**Information shown**
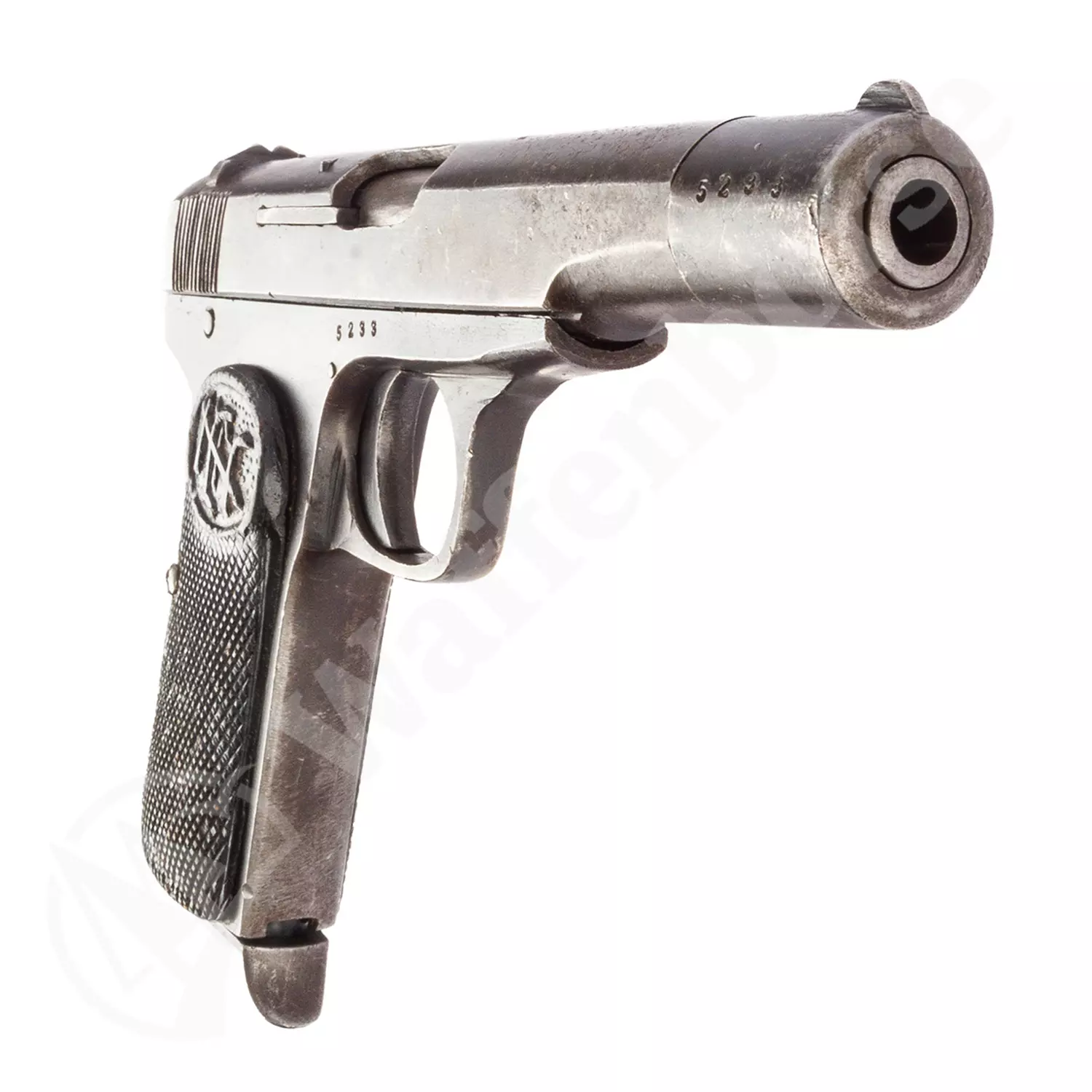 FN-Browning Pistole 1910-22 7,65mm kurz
---
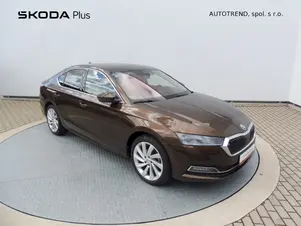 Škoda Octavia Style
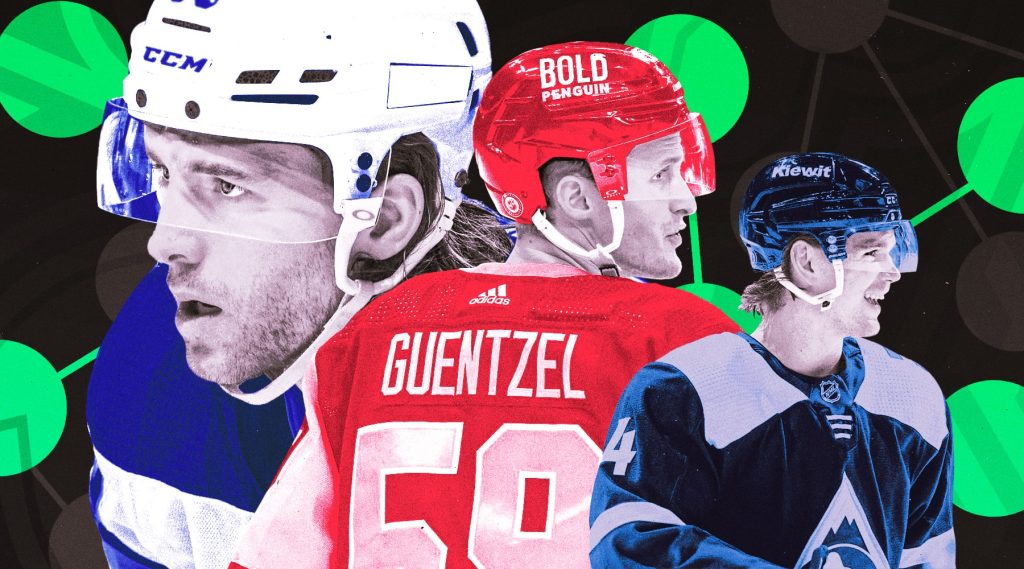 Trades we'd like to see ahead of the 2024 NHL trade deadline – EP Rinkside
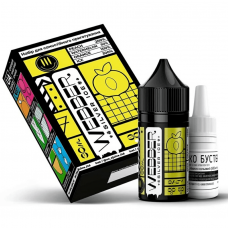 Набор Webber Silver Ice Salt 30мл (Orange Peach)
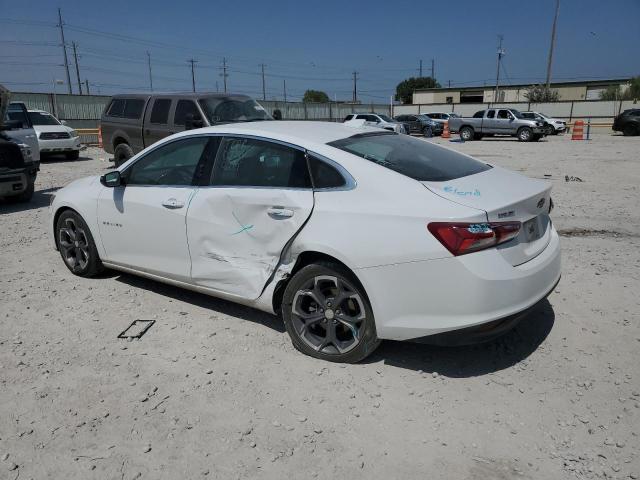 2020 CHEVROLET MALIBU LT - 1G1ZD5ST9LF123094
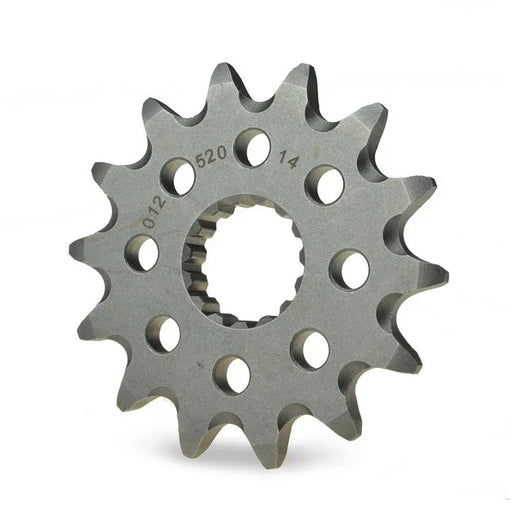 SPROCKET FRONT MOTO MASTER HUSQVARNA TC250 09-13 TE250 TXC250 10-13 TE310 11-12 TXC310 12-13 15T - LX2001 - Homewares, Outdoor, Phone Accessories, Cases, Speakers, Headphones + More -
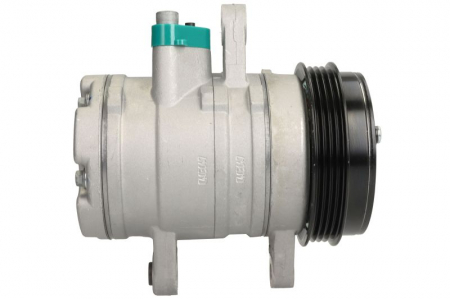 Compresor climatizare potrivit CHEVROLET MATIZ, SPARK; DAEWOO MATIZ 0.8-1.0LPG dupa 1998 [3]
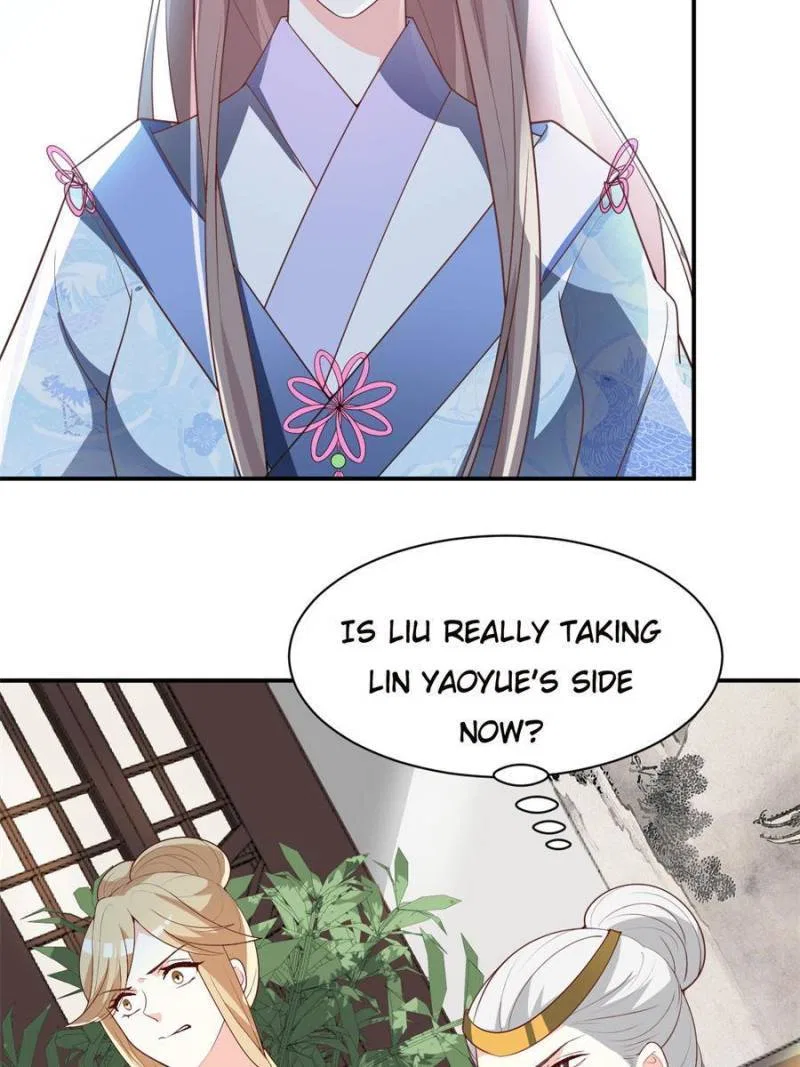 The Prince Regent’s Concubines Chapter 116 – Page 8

**Problem requirements**
Word for word, repeat the lines above from the one with "2020 CHEVROLET MALIBU LT - 1G1ZD5ST9LF123094" through the one with "The Prince Regent’s", and nothing beyond them. Omit the pictures.

**Finished task**
 2020 CHEVROLET MALIBU LT - 1G1ZD5ST9LF123094
 SPROCKET FRONT MOTO MASTER HUSQVARNA TC250 09-13 TE250 TXC250 10-13 TE310 11-12 TXC310 12-13 15T - LX2001 - Homewares, Outdoor, Phone Accessories, Cases, Speakers, Headphones + More -
 Compresor climatizare potrivit CHEVROLET MATIZ, SPARK; DAEWOO MATIZ 0.8-1.0LPG dupa 1998 [3]
 The Prince Regent’s Concubines Chapter 116 – Page 8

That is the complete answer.